I'm not sure why, to me it is an unconscious symbol of purity and depth. It also really goes excellent with red hair, dark hair and green eyes.
And here's your problem.
I've been trying to re-read it several times to see if I'm getting it wrong. But every time I read it, it sounds like you're equating white skin to purity, or at least you're reminded of purity when you see white skin. I will simply not comment on that any further until I get that clarified because it wouldn't be fair to anyone if I did.
Personally, while in extreme cases I can find white women attractive on a purely physical scale, I usually don't. I see it so much that it gets boring. In fact, that's how my attraction usually works. I want something new. I've seen people of my race all my life. Ok. been there, done that. I've been drowning with White people. What else is out there?

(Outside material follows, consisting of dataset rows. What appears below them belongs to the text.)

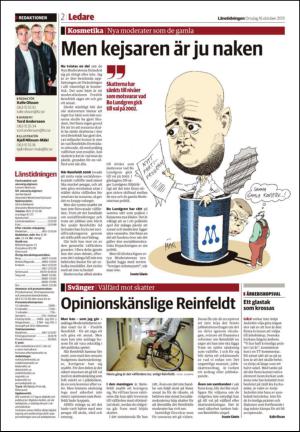 lanstidningen-20131016_000_00_00_002.pdf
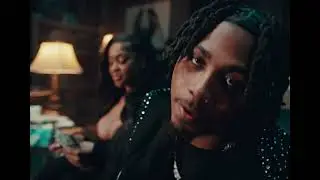Yung Wolf- Give N Go (Official Video)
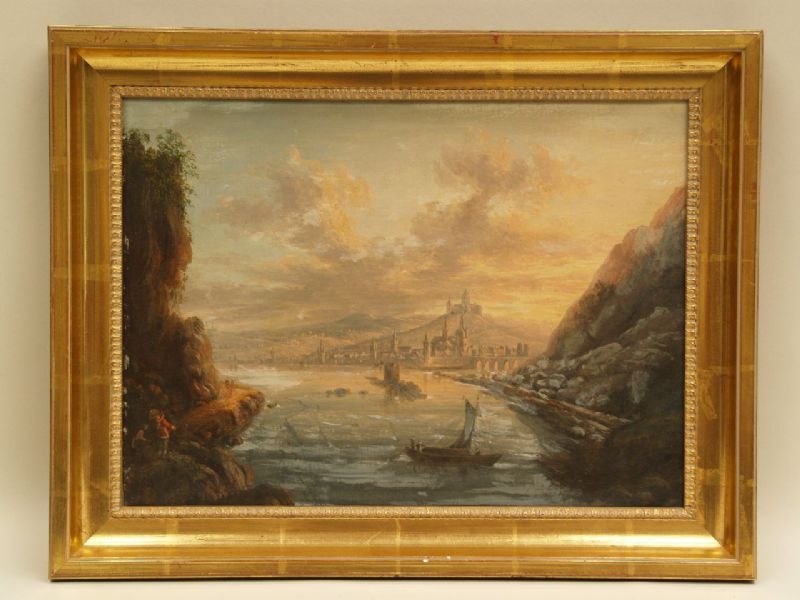 idyllische-rheinlandschaft-mit-blick-auf-bingen-am-rhein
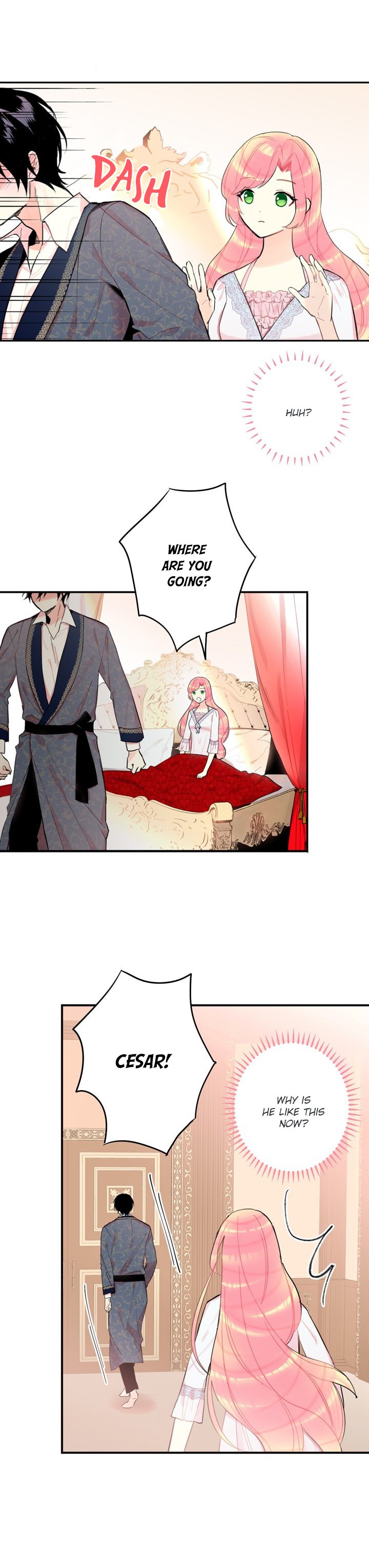 Page 16 of Chapter 8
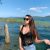 kartal-pendik-escort-bayan-pinar-5
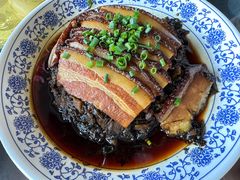 -杨记隆府(白象街店)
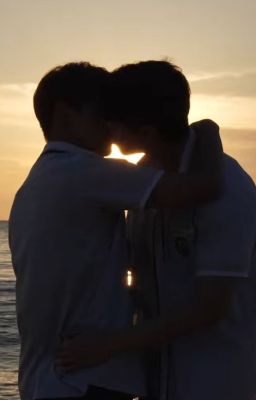 nambinhson | tình đầu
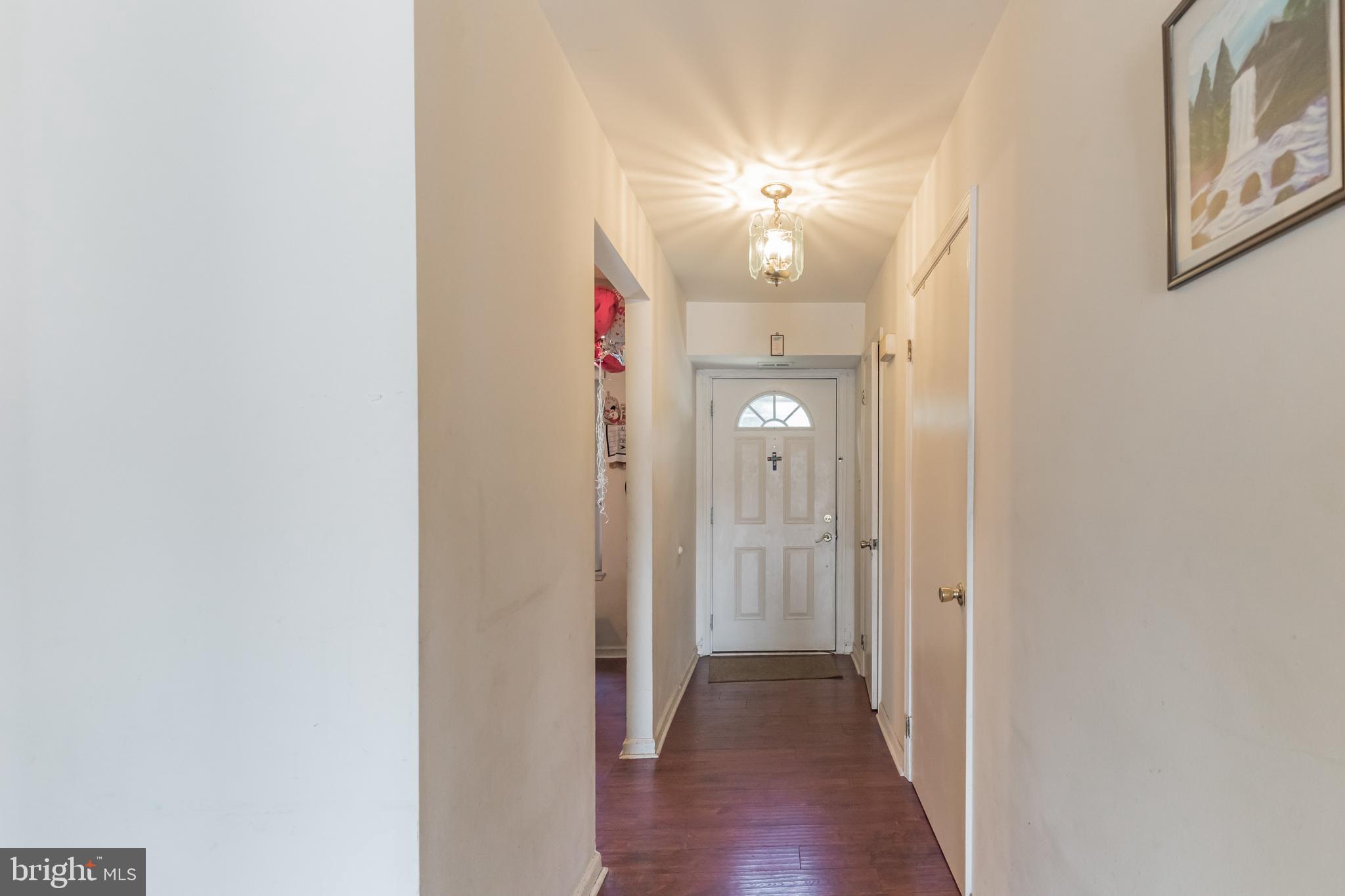 310 Cherrywood Drive Clementon, NJ 08021 - Photo 16 of 28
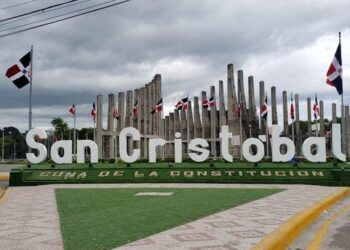 Reportaje: En San Cristóbal piden atención del gobierno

Now, the rub is that I'm apart of a culture that white people vastly make the number of. So, while I'm not usually physically attracted to the girls I end up liking, I just happen to like them because their personalities are amazing and being just friends is not an option for me. It tends to hurt when someone says 'Wow, you do have a great personality. But you just happen to fall under a group of those I don't find desirable. If only you were a white guy'
And yes, I've had that real discussion plenty o' times.
Now, as one of the only token ethnic geeks who has admitted being so in this thread, I'll hazard what a few of my other token geek friends and I have discussed with our white geek friends when we talked about this; We're already seen as a skin color. I'm six foot two, I'm a personal trainer by trade, and I'm black. Also, I can out game most in any form of Warhammer, I collect video game trivia like it was the only way to keep me alive, and I'm a Browncoat for life. People have a hard time connecting the two.
And that's just regular people. I couldn't give two licks about them. But it's my own culture that still treats me like a leper. I can't tell you how many geek homes I've walked into and had to prove my geekdom because 'I didn't look the part'. That gets tiring. And, you know, you might want to have a mate with your similar interests. That's always nice. But alas, most white geeks either look for other white geeks or asians because they are the acceptable exotic.
I'm proud of my geekdom. Is it really that much to be seen as a geek first and everything else last?